In 2013, some New York taxi medallions (permits) were sold for US$1.3 million, but not long ago, one was transacted for only US$241,000.
In Sydney, a taxi licence was worth A$406,000 in October 2012, but dropped to A$200,000 in February this year.
Cabbies in Malaysia are spared from such huge losses as they do not have to pay for taxi permits based on market rates.
Since inception, all metered taxi permits issued by the Land Public Transport Commission (SPAD) were granted only to individuals, starting with the first 1,000 under Teksi 1Malaysia.
Last August, SPAD unveiled the Taxi Industry Transformation Programme and qualified cabbies exiting from the pajak model were granted individual taxi permits and RM5,000 each to pay for the downpayment of a new taxi.
A large pool of metered taxis is necessary to ensure fares remain stable and not allow ride-hailing apps, such as Uber and Grab, to dictate terms.
If taxis are driven out of the market, peak demands and surge pricing will be the norm and no longer restricted to rush hour.
But how do taxi drivers compete in the new economy? The short answer is to be flexible and not insist that their passengers must pay no less than regulated fares.
There is no reason why they cannot agree to the same fares and incentives acceptable to private car drivers, more so when taxis run on much cheaper natural gas for vehicles.
Should they do so, Uber and Grab could lump taxis with private cars, and this will allow them to have the equal opportunity to receive just as many bookings through e-hailing.
Cabbies have the added option of picking up street-hailing passengers and get to collect higher regulated fares when using meters.
And if they treat every passenger as a VIP, taxi drivers could add 20 to 30 passengers a month to their regular customers.
They could easily clock 20 to 30 trips a day from street-hailing passengers and e-hailing.

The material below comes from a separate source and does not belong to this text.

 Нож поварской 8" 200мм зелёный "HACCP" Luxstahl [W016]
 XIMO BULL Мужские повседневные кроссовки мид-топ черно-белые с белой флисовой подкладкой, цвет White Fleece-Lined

Those who can communicate well with foreigners can act as tourist drivers and earn much more from hourly bookings, shopping commissions and tips. On the other hand, those who stick to the old ways by only waiting at train stations and shopping malls will earn less.
The cardinal rule for service providers also apply to taxi drivers: never be rude or angry, even when customers are wrong.